In view of above provision, the assessment order must specifically contain direction for charging tax u/s 115BBE where such addition is made.
Assessment under which section.
Those cases where assessee did not voluntarily file return of income within the time prescribed u/s 139(1) of the I.T. Act, notices u/s 142(1) were issued for filing returns. In some cases, returns were not filed within the time prescribed in notice u/s 142(1) of the IT Act. In these cases, assessment is required to be made u/s 144(1) of I.T. Act which is reproduced below:
Best judgement assessment.
144. (1) If any person—
a. fails to make the return required under sub-section (1) of section 139 and has not made a return or a revised return under sub-section (4) or sub-section (5) of that section, or
b. fails to comply with all the terms of a notice issued under sub-section (1) of section 142 or fails to comply with a direction issued under sub-section (2A) of that section, or
c. having made a return, fails to comply with all the terms of a notice issued under subsection (2) of section 143,
the Assessing Officer, after taking into account all relevant material which the Assessing Officer has gathered, shall, after giving the assessee an opportunity of being heard, make the assessment of the total income or loss to the best of his judgment and determine the sum payable by the assessee on the basis of such assessment:
Provided that such opportunity shall be given by the Assessing Officer by serving a notice calling upon the assessee to show cause, on a date and time to be specified in the notice, why the assessment should not be completed to the best of his judgment:
Provided further that it shall not be necessary to give such opportunity in a case where a notice under sub-section (1) of section 142 has been issued prior to the making of an assessment under this section.
Order is required to be passed u/s 144(1) of I.T.Act even where the assessee has filed return of income, but after the due date prescribed in notice u/s 142(1) of I.T. Act.
Penalty is required to be levied under section 271AAC of the Income-Tax Act where addition has been made u/s section 68, section 69, section 69A, section 69B, section 69C or section 69D and tax is payable u/s 115BBE of the I-T Act.
Section 271AAC is reproduced below:
Penalty in respect of certain income.
271AAC. (1) The Assessing Officer may, notwithstanding anything contained in this Act other than the provisions of section 271AAB, direct that, in a case where the income determined includes any income referred to in section 68, section 69, section 69A, section 69B, section 69C or section 69D for any previous year, the assessee shall pay by way of penalty, in addition to tax payable under section 115BBE, a sum computed at the rate of ten per cent of the tax payable under clause (i) of sub-section (1) of section 115BBE:
Penalty u/s 271AAC may be initiated as follows:
Since income of the assessee determined includes income u/s 68 of I.T. Act, penalty proceedings u/s 271AAC are initiated separately.
Since income of the assessee determined includes income u/s 69A of I.T.Act, penalty proceedings u/s 271AAC are initiated separately.
Assessment of cash deposits as Business Income:
In cases where reply of the assessee is accepted that cash deposits constitute his/ her business receipts, addition is required to be made under normal provisions of the I-T Act.
In case the AO estimates income of the assessee by applying GP rate, books of account should first be rejected giving detailed reasons.
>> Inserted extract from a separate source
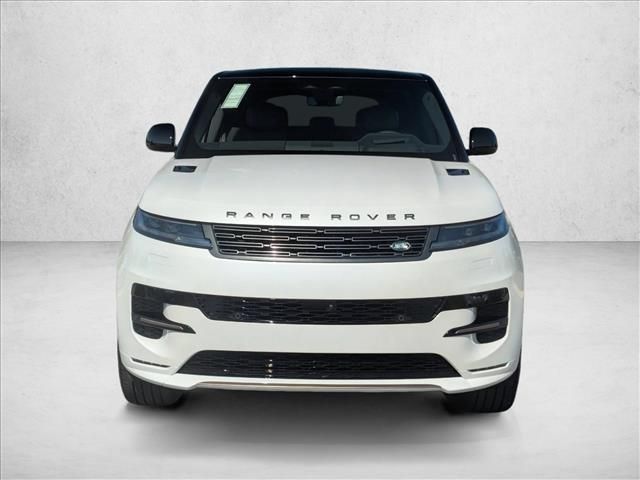 2026 Land Rover Range Rover Sport Dynamic SE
In such cases, penalty is required to be levied u/s 270A from A.Y. 2017-18 onwards as follows:
Penalty u/s 270A is leviable for:
|1||Under-reporting of income||Penalty @ 50% of amount of tax payable on under-reported income|
|2||Under-reported income is in consequence of any misreporting there of||Penalty @ 200% of amount of tax payable on under-reported income|
Penalty u/s 270A may be initiated as follows:
1. Penalty proceedings u/s 270A of the Income-Tax Act are hereby initiated for under-reporting of income. The assessee has under reported income in view of clause__ to Section 270A(2) of the I.T.Act
2. Penalty proceedings u/s 270A of Income Tax Act are hereby initiated for under-reporting of income which is in consequence of misreporting thereof. The assessee has under misreported income in view of clause__ to Section 270A(9) of I.T.Act
In the printed notice u/s 274 read with section 270A, it is essential to tick the applicable part in printed penalty notice and strike off inapplicable part in printed penalty notice. Thus, if penalty is initiated only for under reporting of income, the printed notice must not contain mention of misreporting of income. In such a case, misreporting of income is required to be essentially struck off.
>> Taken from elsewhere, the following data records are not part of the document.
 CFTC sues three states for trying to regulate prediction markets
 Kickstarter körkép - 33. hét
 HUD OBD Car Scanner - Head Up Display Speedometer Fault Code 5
The assessment order should essentially contain following details:
1. Issue and service of notice u/s 142(1) for filing return of income
2. Issue and service of notices u/s 142(1) for furnishing details
3. Directions for charging tax u/s 115BBE, wherever applicable
4. Proper satisfaction for initiation of penalty u/s 271AAC or 270A
With regard to proper service of notices, Rule 127 of the Income-Tax Rules is reproduced below:
Service of notice, summons, requisition, order and other communication.
‘127.(1) For the purposes of sub-section (1) of section 282, the addresses (including the address for electronic mail or electronic mail message) to which a notice or summons or requisition or order or any other communication under the Act (hereafter in this rule referred to as “communication”) may be delivered or transmitted shall be as per sub-rule (2).
(2) The addresses referred to in sub-rule (1) shall be—
a. for communications delivered or transmitted in the manner provided in clause (a) or clause (b) of sub-section (1) of section 282—
(i) the address available in the PAN database of the addressee; or
(ii) the address available in the income-tax return to which the communication relates; or
(iii) the address available in the last income tax return furnished by the addressee; or
(iv) in the case of addressee being a company, address of registered office as available on the website of Ministry of Corporate Affairs.’
In SOP dated 05.03.2019, it is stated as follows:
‘2.3 It has been decided that in ‘best judgement assessment’ order being framed under this SOP, the Range Head shall mandatorily issue directions from time to time under section 144A of the Act. Further, Range Head would also monitor framing of the final assessment order.’
In this regard, Section 144A of the I.T.Act is reproduced below:
Power of Joint Commissioner to issue directions in certain cases.
144A. A Joint Commissioner may, on his own motion or on a reference being made to him by the [Assessing] Officer or on the application of an assessee, call for and examine the record of any proceeding in which an assessment is pending and, if he considers that, having regard to the nature of the case or the amount involved or for any other reason, it is necessary or expedient so to do, he may issue such directions as he thinks fit for the guidance of the [Assessing] Officer to enable him to complete the assessment and such directions shall be binding on the [Assessing] Officer:
Provided that no directions which are prejudicial to the assessee shall be issued before an opportunity is given to the assessee to be heard.
Explanation.—For the purposes of this [section] no direction as to the lines on which an investigation connected with the assessment should be made, shall be deemed to be a direction prejudicial to the assessee.
From perusal of above SOP & section 144A, it is evident that:
1. It is mandatory for Range Heads to give directions u/s 144A in ‘OCM’ cases.
2. The Range Head is required to give opportunity of hearing to the assessee where directions given are prejudicial to the assessee.
3. However, no opportunity of hearing to the assessee is required where directions are given as to the lines on which an investigation connected with the assessment should be made
4. Section 144A is not meant for giving approval
Protective or Substantive Assessment:
As far as possible, a protective assessment should not be made before substantive assessment.